Views, News & more
British Airways infamous IT crash has pushed the company into the headlines and cost it a very large sum, but what can businesses learn from this catastrophic system failure?
More than a third of the British Airways’ flights were cancelled from Heathrow after the airline was hit by a worldwide computer system power failure, leaving thousands of passengers stranded. According to the company, the root cause of the issue was a problem with a power supply, which affected the IT system. The immediate effect was that operational aspects of the business were unable to function as they should, severely curtailing customer service.
CEO Alex Cruz has suggested that the problems were caused by a power surge in one of the firm’s UK data centres, which had gone on to affect the whole of BA’s network. This has led to much speculation about how the firm should manage their servers in the future to prevent such events, and how much of an impact it could have on the firm’s worth. According to preliminary data, BA’s owners have seen £360 million wiped off their value following the incident, and could have to compensate customers for more than £150 million.

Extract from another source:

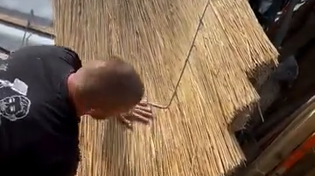 Thumbnail for when White guys do roofing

As is so often the case when large corporates have major IT failures, details are rarely forthcoming. We know that BA has six data halls on two sites near the Heathrow Waterside headquarters, but won’t disclose details on how the power was disrupted or which piece of kit died. Or why the disaster recover plan failed, with no back-ups bringing the system back to life.
Data centre designers have questioned the explanation provided by Alex Cruz, saying that a power surge should never be able to bring down an entire data centre, let alone its back-up as well.
There is a rumour circulating that the data centre was not affected by a power failure. Rather, engineers were told to apply some security patches to Linux and Windows servers. After applying them, the engineers shut down and attempted to restart the entire data centre. This immediately caused various components, including memory chips and network cards, to fail. Hence the ‘power supply’ issue.
Whether this actually happened or not here, this type of failure does occur and highlights the need for a mirrored data back-up facility.
While a power outage or hardware failure at a small or medium-sized business is unlikely to have such an obvious impact on its customers as BA’s IT failure has had on thousands of passengers, it should act as a reminder that even a localised IT issue can have a huge effect on a company’s overall operation. While BA outsources much of its IT operations overseas, and may have been unlucky to have faced such a significant outage in one of its UK data centres, many UK businesses rely solely on private services to hold their data, raising the question of whether they are prepared for potential future power outages.
For those using in-house servers, a power outage could mean both short and long term issues. Namely, if data is lost during an outage and no backup plan is in place, the business will undoubtedly suffer with the worst-case scenario being a complete corporate collapse. This may sound dramatic, but it’s a very real possibility for smaller companies that have failed to have an emergency recovery plan in place.
As a result of this risk, many firms choose to outsource at least some of their IT services and data to cloud companies. The main benefits of this approach are that large service providers can often provide greater data security than smaller firms could afford to put in place and maintain. Additionally, large cloud servers regularly offer assurances of backup plans should hardware failures or power outages take place.
It is very rare for a data centre, especially one running cloud services for multiple customers, not to have a complete back-up stored far away, so that even if the centre was hit by, say, a meteorite, the back-up would still kick in within hours at the latest, with minimal disruption.
In order to address this issue, businesses should ensure they have backup plans in place so they can take full advantage of external cloud servers whilst minimising the risk. These plans should include:
Plan for recovery time – It’s likely that your data will be safe even if your cloud provider has a power outage, but you may have to wait for them to recover your information. In the meantime you should have plans in place to ensure as many of your services as possible remain available in the event of an outage.
Plan for multiple failures – It may not simply be an IT outage that affects your business – make sure you plan for as many failures as possible to ensure you suffer the smallest impact should an incident occur.
Consider a hybrid set-up – When critical data is being stored and accessed locally, consider a scenario where the data is backed-up, perhaps encrypted, off-site on a cloud platform that has the ability to run the identical processes, should it be necessary to switch in the event of a local failure.
Learn from mistakes – BA now has the opportunity to learn from its mistakes and built a strong system to support its services in the future. Ensure you do the same should you ever suffer any outages, learning from mistakes and building a more robust system to safeguard the future of your business.